I've been filtering out the samples before importing the alignments. Probably, it is better to implement a simple filter based on the number of Ns to filter out sample during inference.
Agreed - let's keep as much of the filtering and data pre-processing logic within sc2ts as we can
Filtering samples by the imported sequence alignments would involve grabbing the alignment from alignment store and then processing it in preprocess_and_match_alignments
. This would require an additional pass over the Sample objects I think, because the genotype matrix which goes into HMM matching is preset.
Or maybe keep a boolean array to keep track of which samples pass filters, and then use it to subset the genotype matrix before input to HMM matching.

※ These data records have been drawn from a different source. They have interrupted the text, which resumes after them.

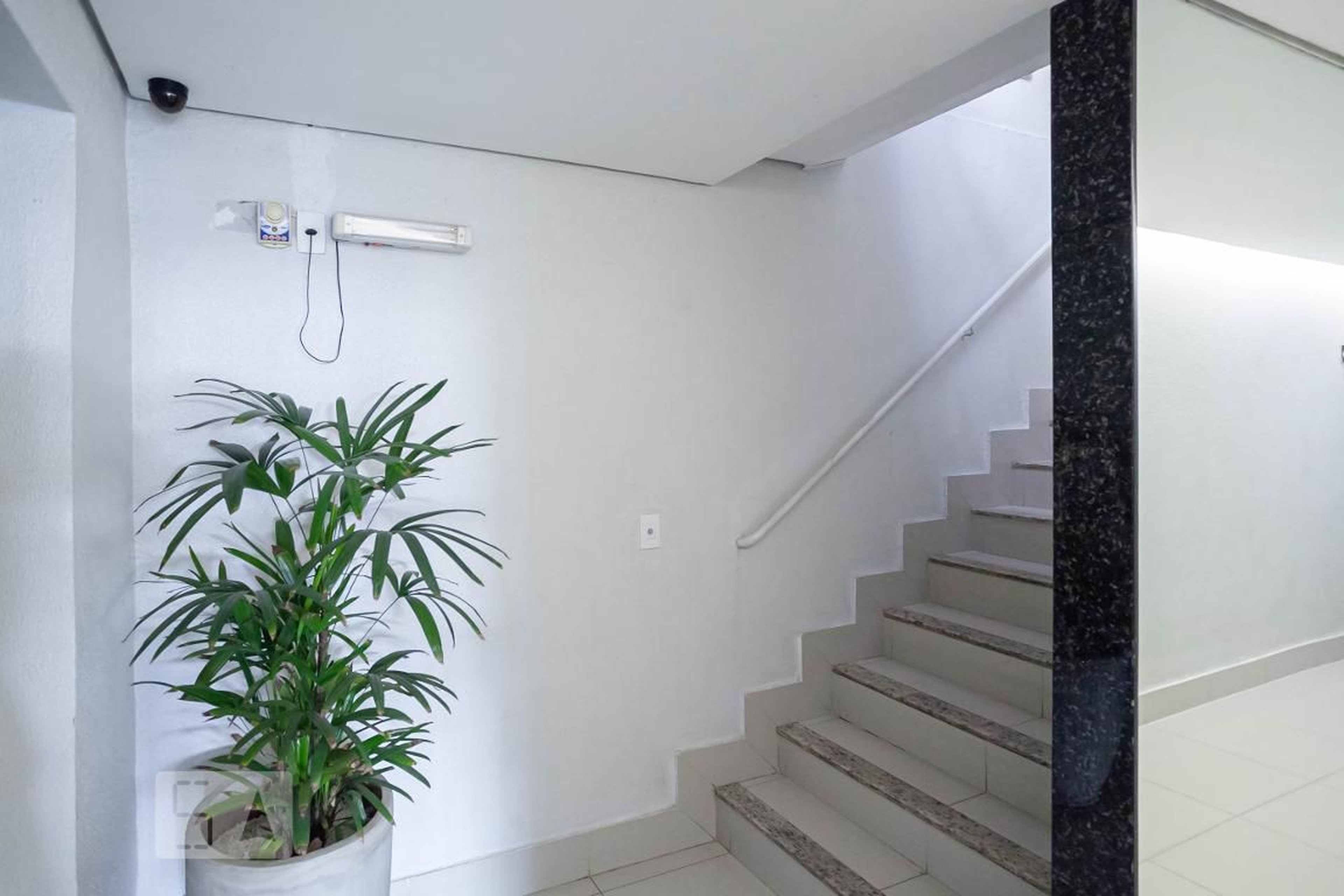 Hall - null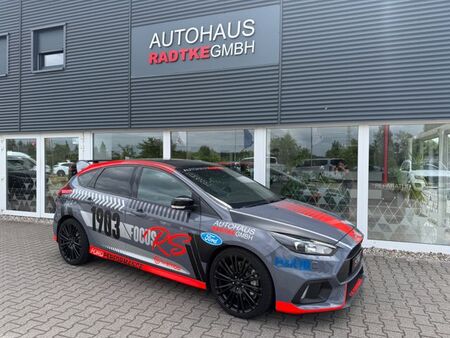 Ford Focus RS 2.3 350 4x4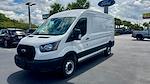 2025 Ford Transit 250 Medium Roof RWD Empty Cargo Van for sale #SKA98721 - photo 12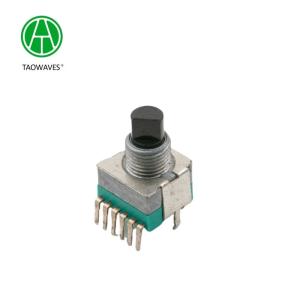 Buy cheap High-Precision Rotary Encoder with Reset Function and Durable Knob for Professional Audio Control from wholesalers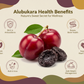 Dry Plum | Alubhukara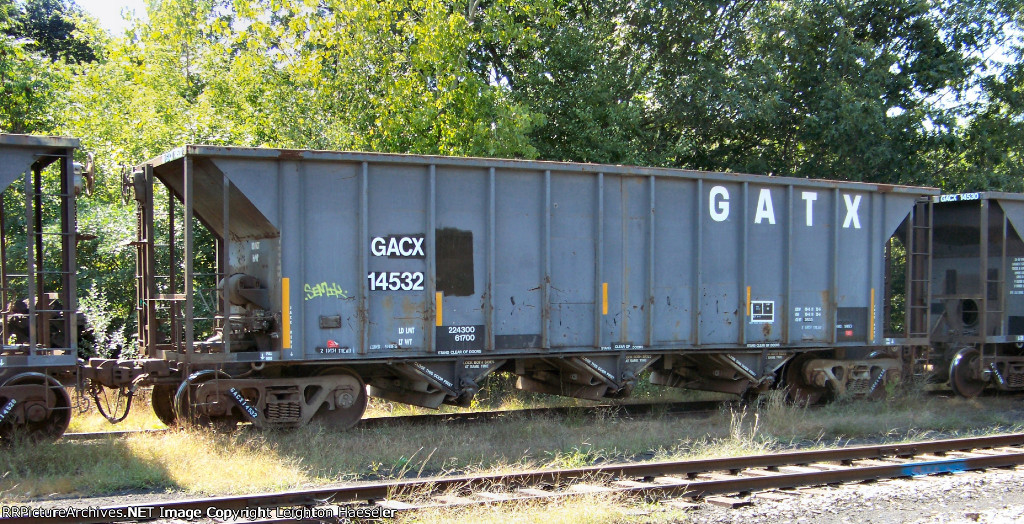 GACX 14532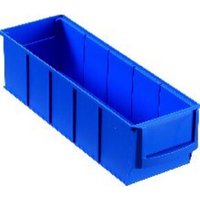 allit ProfiPlus ShelfBox 400B blau allit ProfiPlus ShelfBox 400B blau von Allit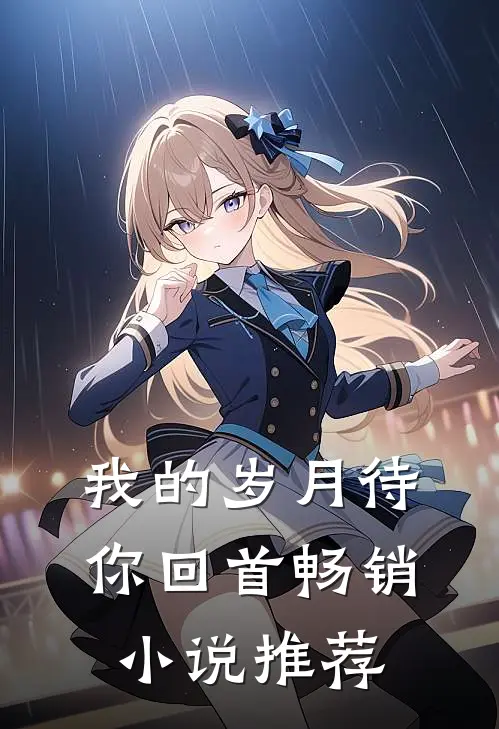 我的岁月待你回首畅销小说推荐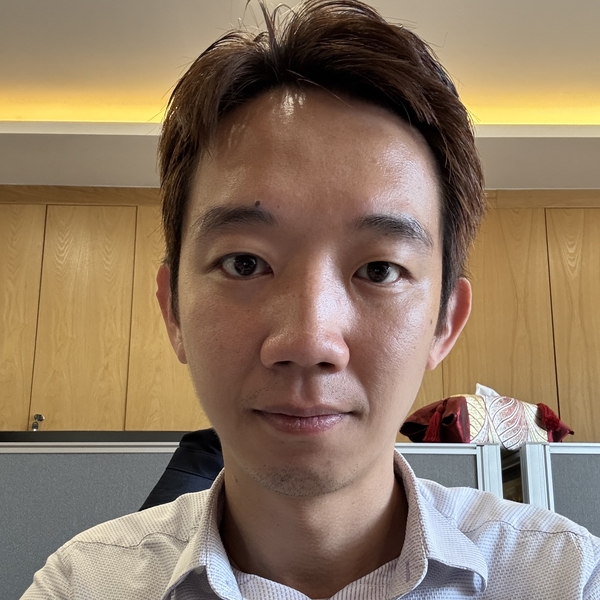 En Qing - Chinese tutor - Singapore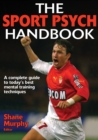The Sport Psych Handbook - Book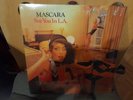 Mascara - See you in L.A. - LP - M-/M- co. - UK 1979 - Electronik - Disco - RAR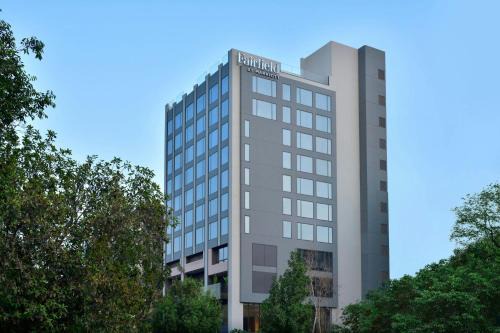 Vadodara Hotel | Fairfield by Marriott Vadodara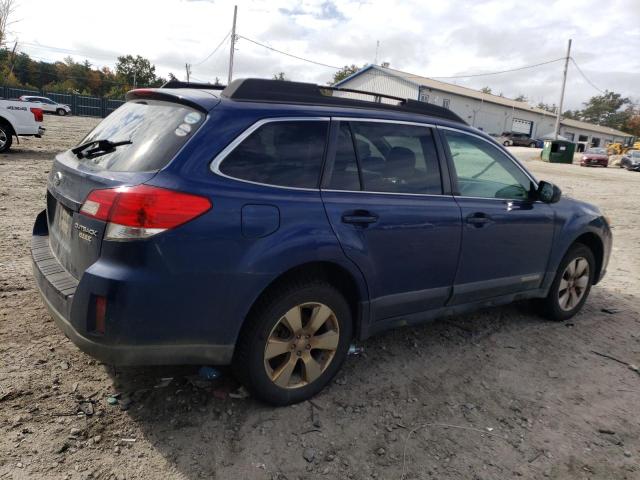 Photo 2 VIN: 4S4BRBKC5A3363407 - SUBARU OUTBACK 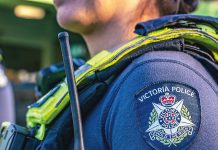 Woodside and Traralgon men charged on child abuse material, theft, firearms and numerous other offences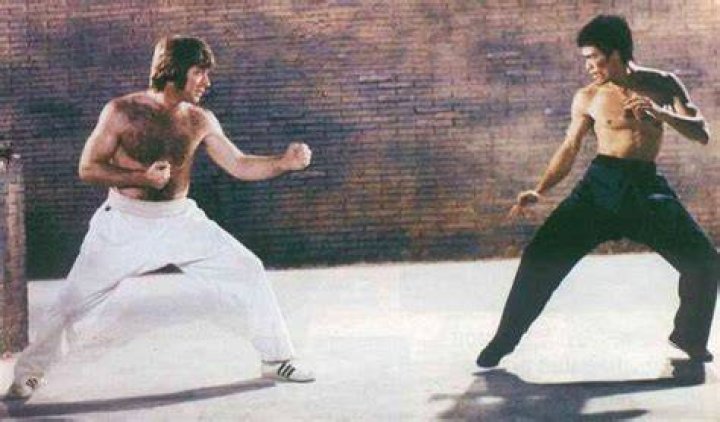 Does MMA work in a street fight?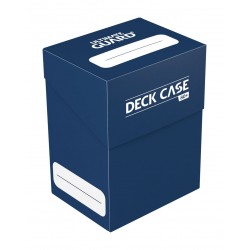 UG - Deck Case 80+ - Bleu /...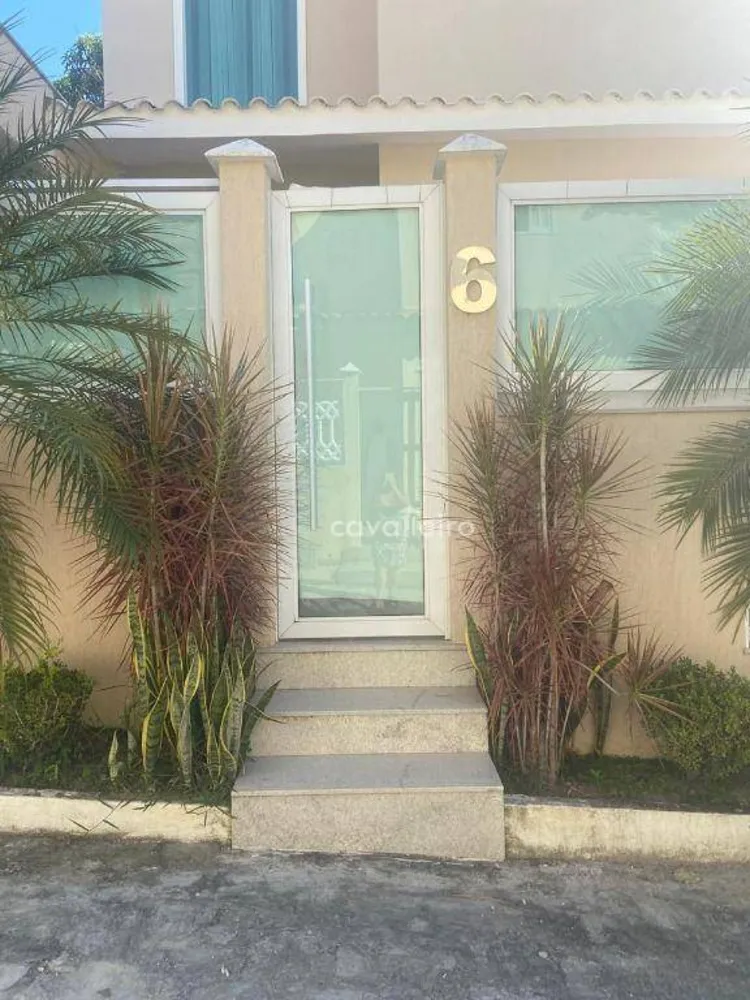Casa, 3 quartos, 105 m² - Foto 17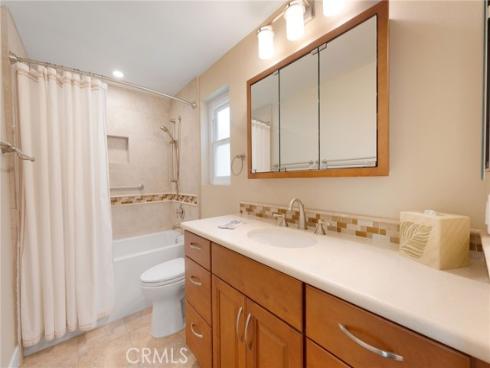 6252 Sierra Palos Road, Irvine, CA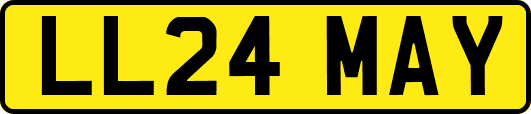 LL24MAY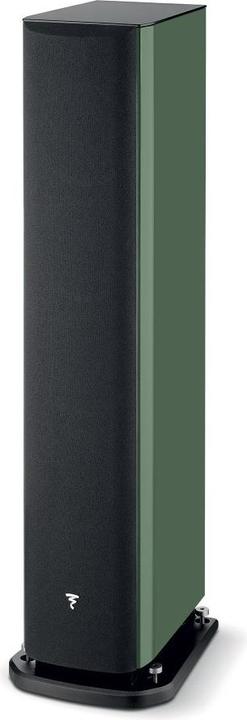 Produktbild Focal Aria Evo X No3 Lautsprecher Paar *grün* (1 Paar)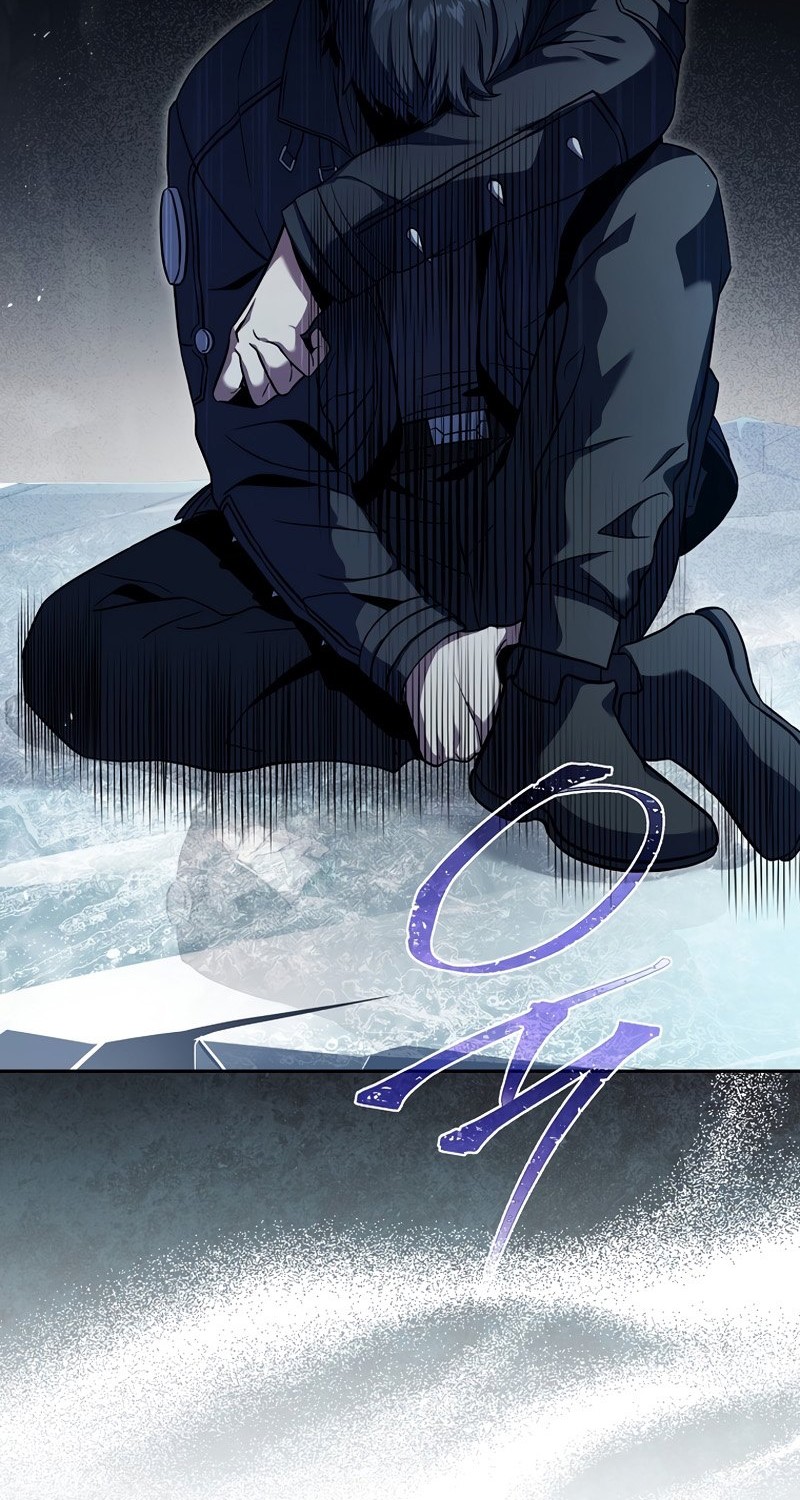 Return of the Frozen Player Chapter 54 Gambar 31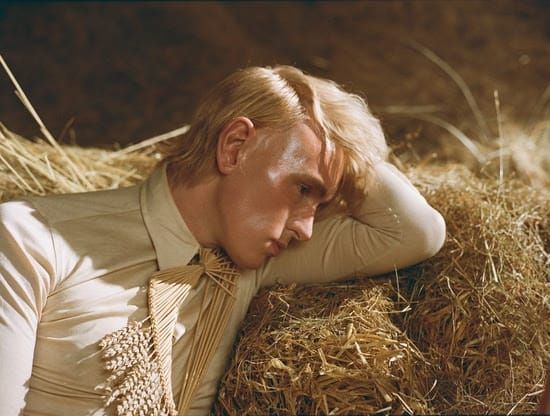 Patrick Wolf on Recovery, British Identity, and Crafting a Mental Museum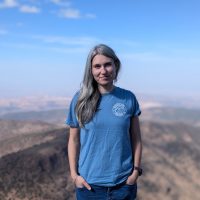 New post-doc fellow in CAMK Warsaw, Poland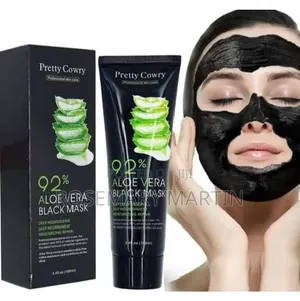 Also Vera Face Mask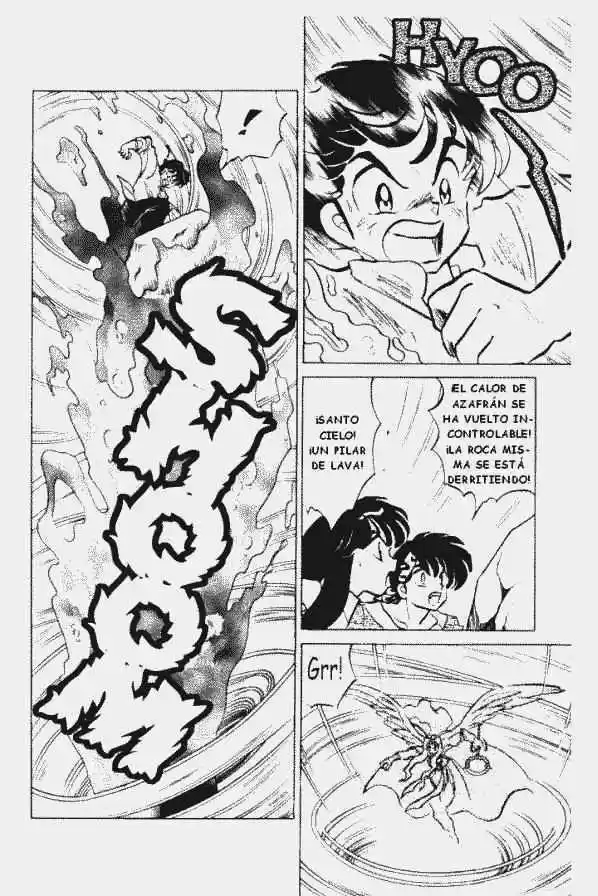Ranma 1/2 (1987) - Capítulo 406 - Página 11 - LectorTMOo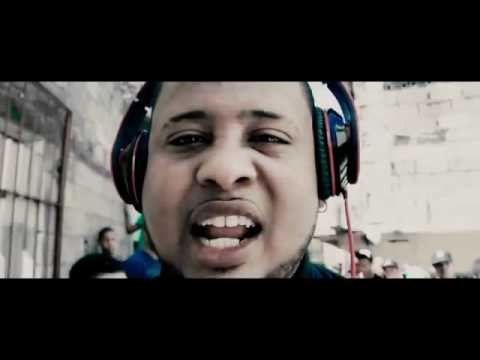 Lapiz Conciente - Nadie Me Va a Callar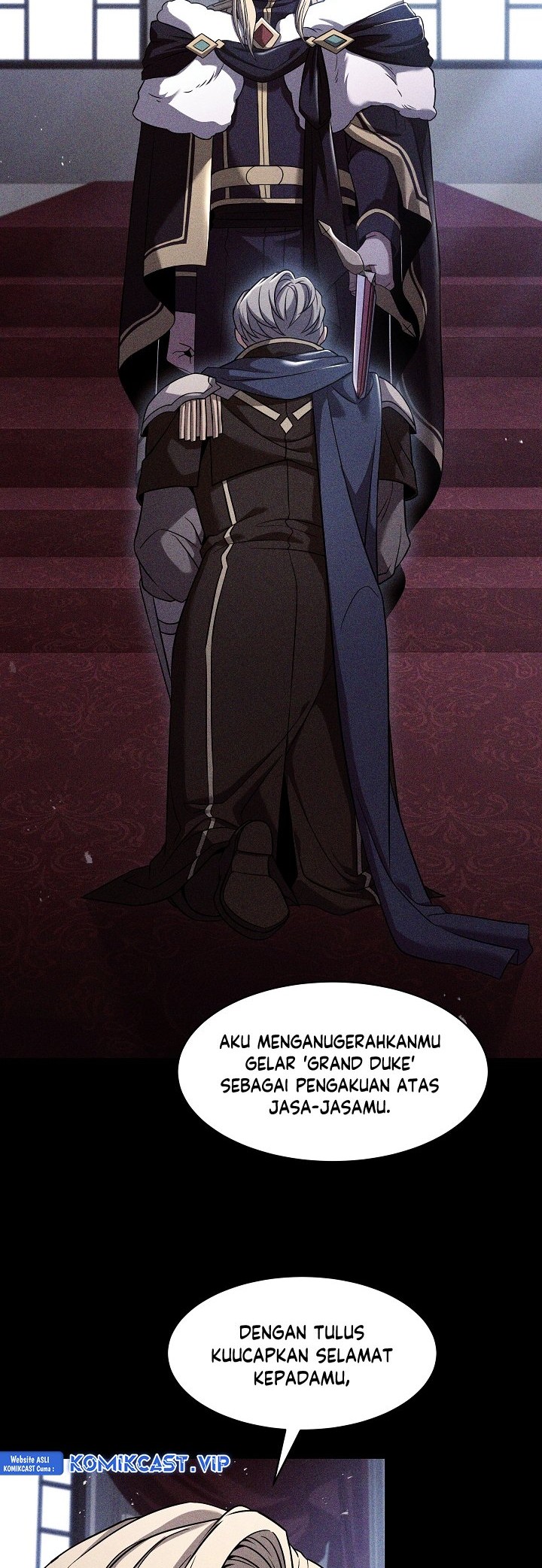 Return of The Greatest Lancer Chapter 103 Gambar 39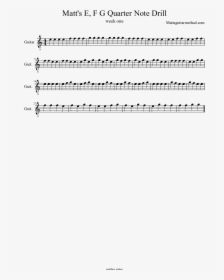 Star Spangled Banner Flute Pdf, HD Png Download, Transparent PNG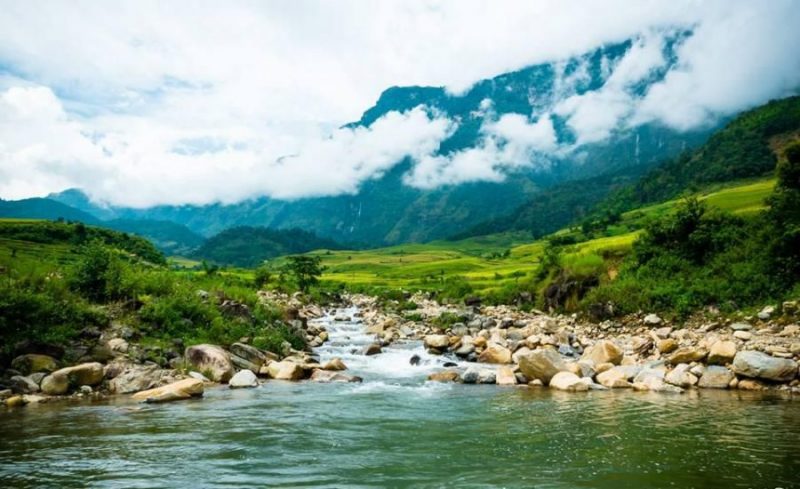 Suoi Giang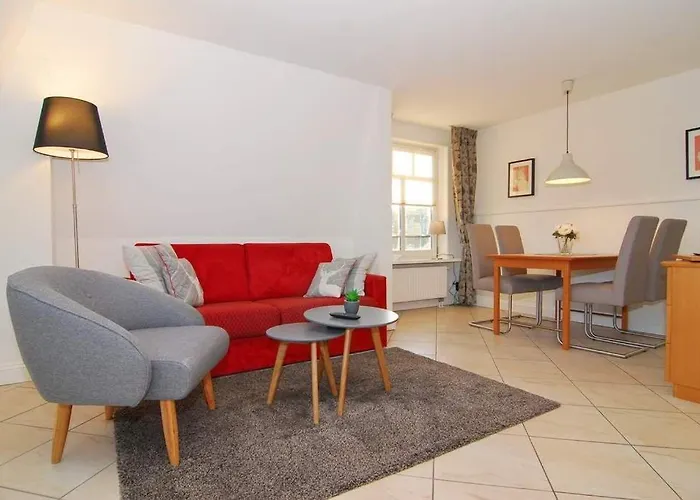 Olympia Haus 3, Whg 31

Filtering samples by the imported sequence alignments would involve grabbing the alignment from alignment store and then processing it in preprocess_and_match_alignments. This would require an additional pass over the Sample objects I think, because the genotype matrix which goes into HMM matching is preset.
That's OK I think - we can easily break preprocess_and_match_alignments
into steps, or add some complexity where we only pass alignments that meet QC requirements on to the matching step.
Also, there are a number of entries in the metadata file that do not have full-precision dates. I have been filtering them out before import the metadata. It is better that this, too, is done within sc2ts.
It seems that both of these filters (and any other filter on the metadata and alignments) can be done in preprocess_and_match_alignments
. Or refactor it into preprocess_samples
and match_alignments
, where we can implement the filters.
Hmm, actually, about the full-precision dates from metadata, I don't think get
is getting entries by comparing dates. It is just getting entries by comparing dates in the form of strings. So, I don't think it needs to be modified.
Before doing runs, I have been filtering out samples in the Viridian dataset based on two criteria: (1) having full-precision collection dates, and (2) having at most 800 Ns (excluding gaps) in the aligned consensus sequence (i.e. disregarding insertions). A better way is to exclude problematic sites before filtering by the maximum N criterion.